The outcome is a serious indictment of Sasco, which has traditionally dominated student politics, not only at Wits but nationally as well.
Of the 10 groups that contested the Wits elections, Sasco achieved the worst results.
The problem is bigger than student political apathy. Of a total of 19218 students eligible to vote, only 3797 made their mark on the ballot paper and they displayed no confidence in what is left of the politics of the left.
“The problem,” says a student, “is that Sasco continues to carry the stigma of corruption on campus. And in their campaigning they don’t address distinctly student issues. They lecture us on political consciousness but there is no evidence of anything they do for students.”
Another student feels Sasco was too partisan and symbolised the African National Congress on campus.
“We are disillusioned with all the political parties of the country at the moment,” he says.
Sasco had the longest manifesto during the election campaign but it did not win it support.
The ISA’s John Kuhn, vice-president of the newly elected SRC, says: “Our detractors assured us that we were a flash in the pan, but we have proven ourselves as the new force in student governance.”
Last year Sasco also failed to win the majority seats on the SRC and with the ANC Youth League demanded an investigation into election procedures. But Professor Tshepo Mosikatsana’s inquiry certified the elections as having been free and fair.

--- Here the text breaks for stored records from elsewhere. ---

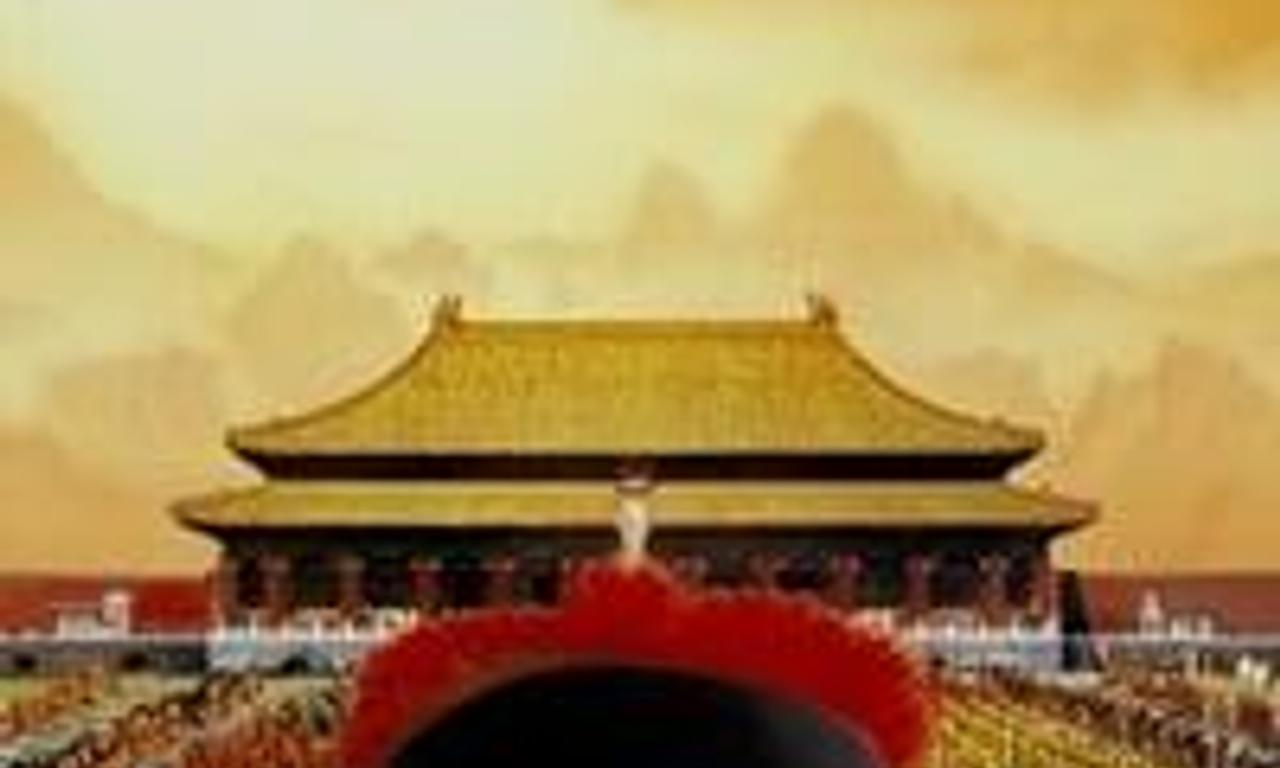 header image for The Last Emperor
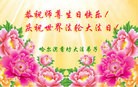 Published on 5/13/2013 ֹ,½󷨵ӹʦ𻪵߷ִ(37)

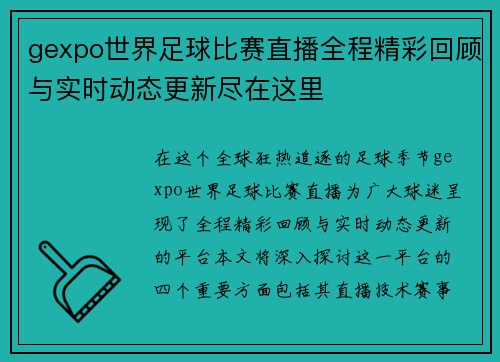 gexpo世界足球比赛直播全程精彩回顾与实时动态更新尽在这里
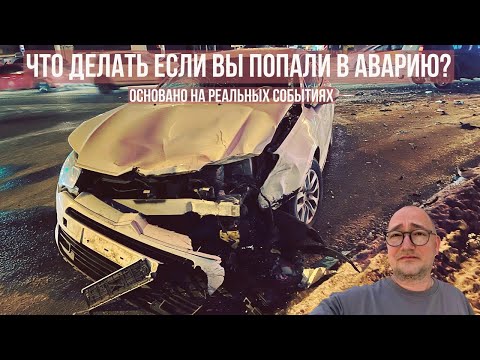 Видео: САМАРСКИЙ ВЛОГ | Попали в сильное ДТП | Что делать и как забрать от страховой максимум по ОСАГО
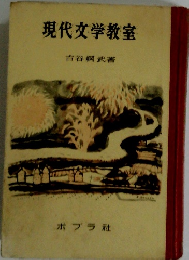 現代文学教室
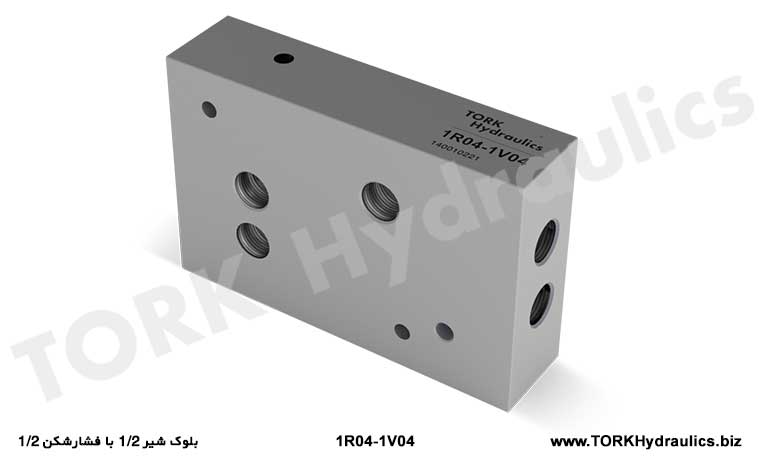 بلوک شیر 1/2 با فشارشکن 1/2 هیدرولیک, Клапанный блок 1/2 с гидромолотом 1/2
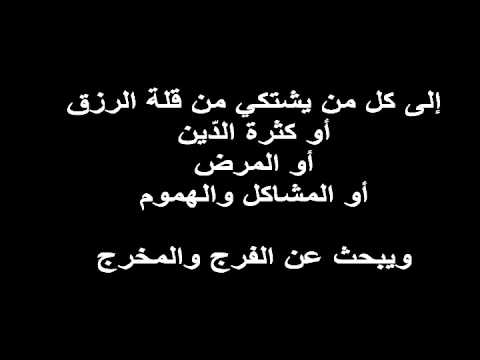 قصتي مع لا حول ولا قوة الا بالله - فضل ذكر لا حول ولا قوة الا بالله 3680 2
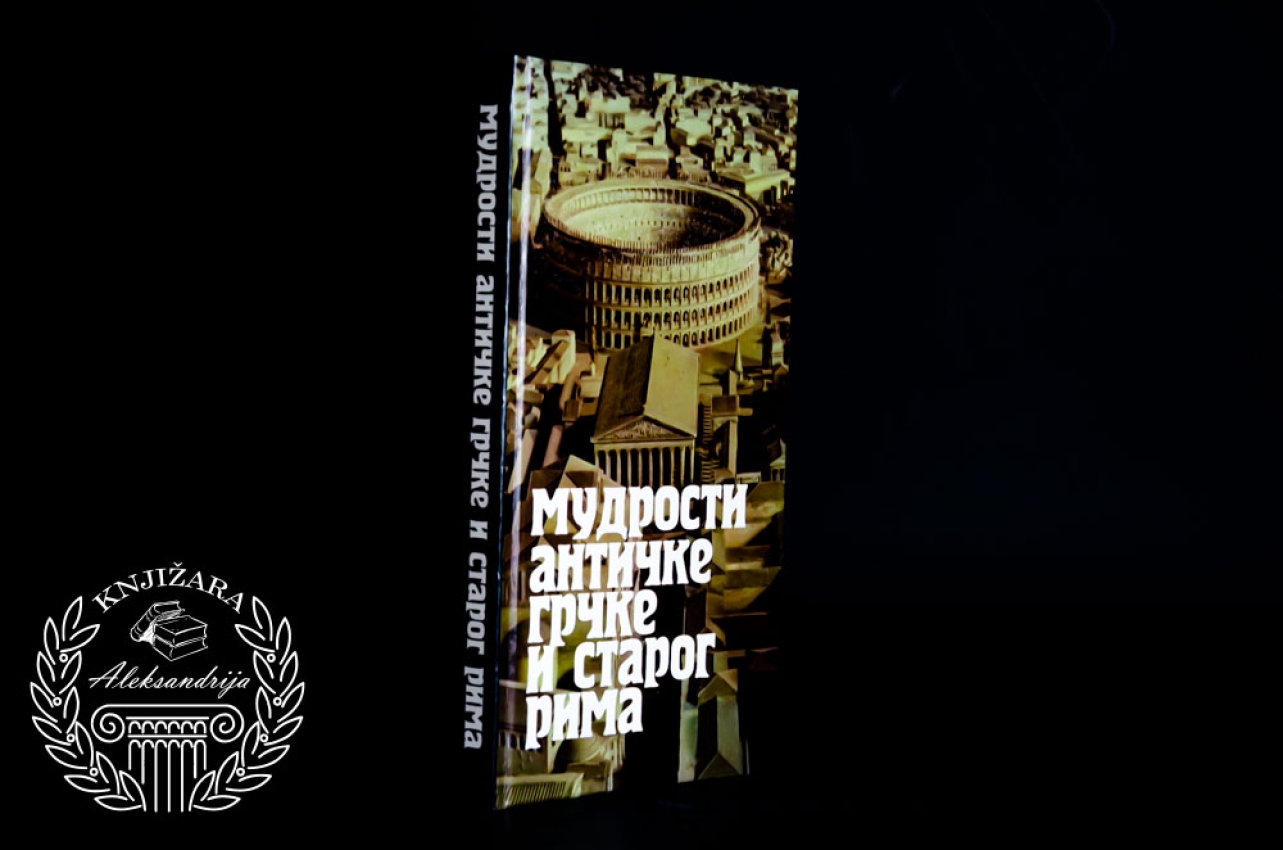 MUDROSTI ANTIČKE GRČKE I STAROG RIMA 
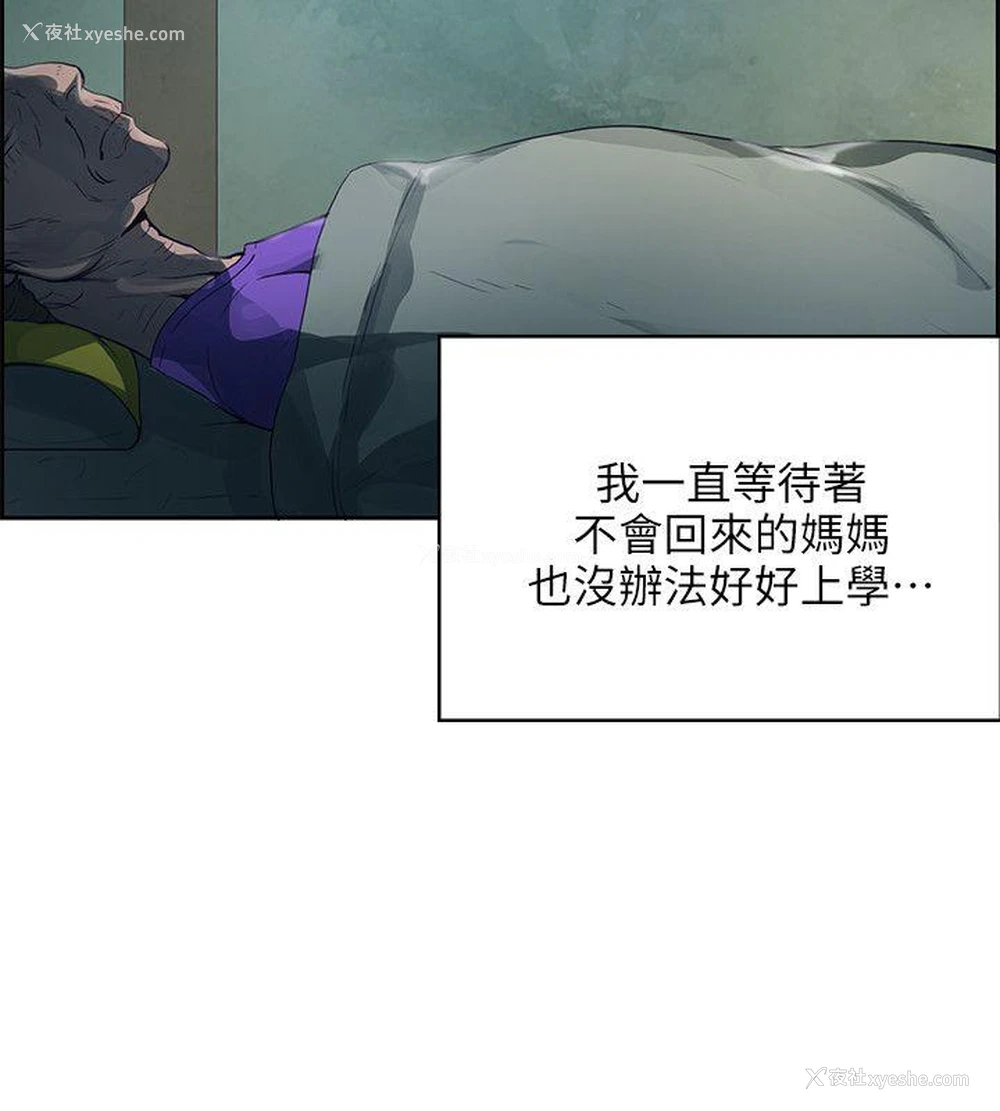 26P - 狼爪下的少女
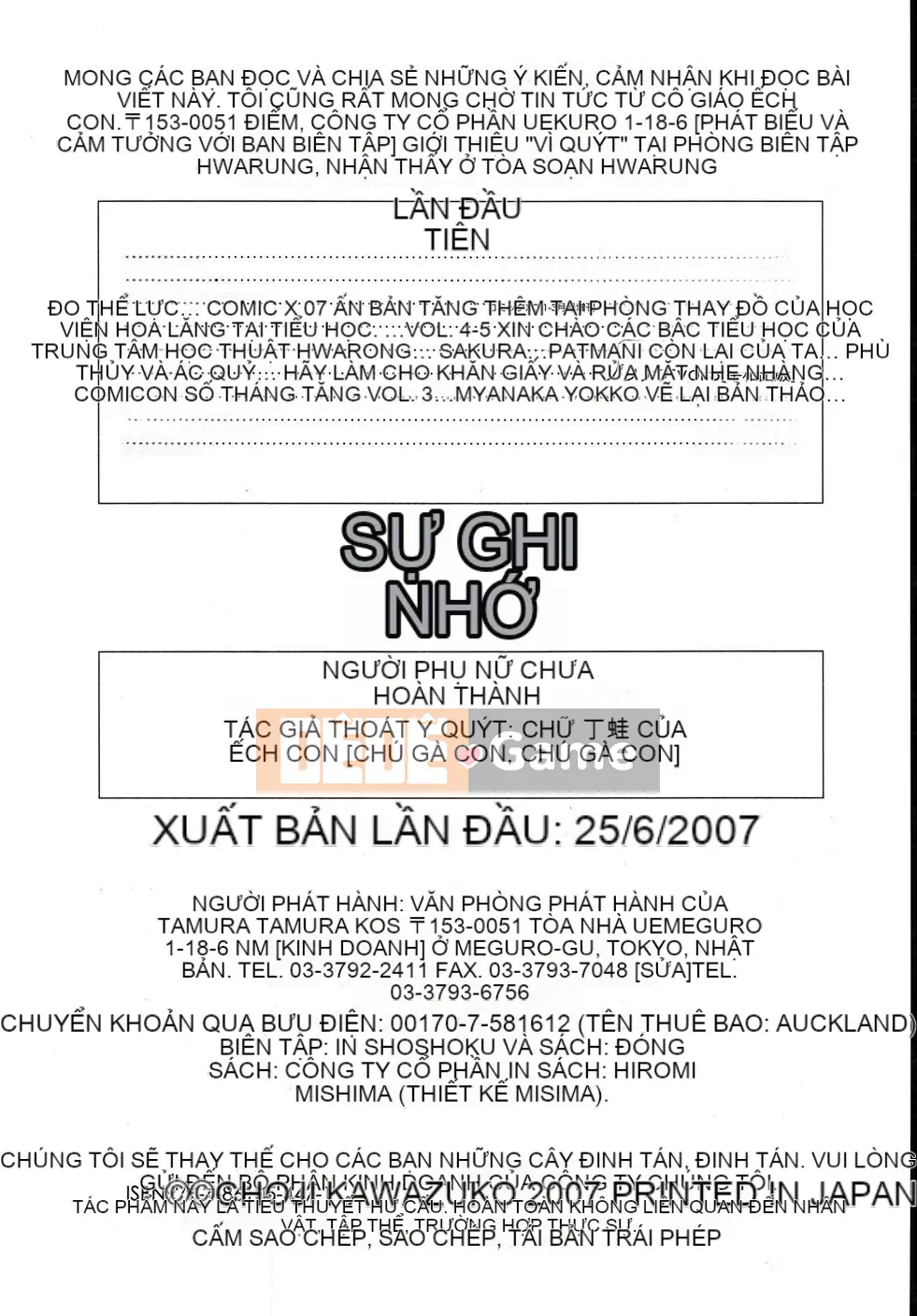 [Ếch con] Mikan Seishojo -Unfinished Girl-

This year Sasco is not formally contesting the reliability of the electoral process, but two candidates who stood under the Unity in diVarsity banner are saying there were problems.
Talitha Taukobong and Nqobile Zitha have questioned the electoral process from the beginning, especially the use of the Wits student identification system used to monitor voting.
They drew the Gauteng office of the Independent Electoral Commission (IEC) into the fray.
The IEC had agreed in principle to facilitate the elections free of charge, but a day before the elections withdrew the offer citing “time limitations as well as significant differences of opinion between major stakeholders on the whole electoral process”.
Zitha and Taukobong, who have subsequently been joined by other dissatisfied groups, including Sasco, claim they have proof that students could have voted twice.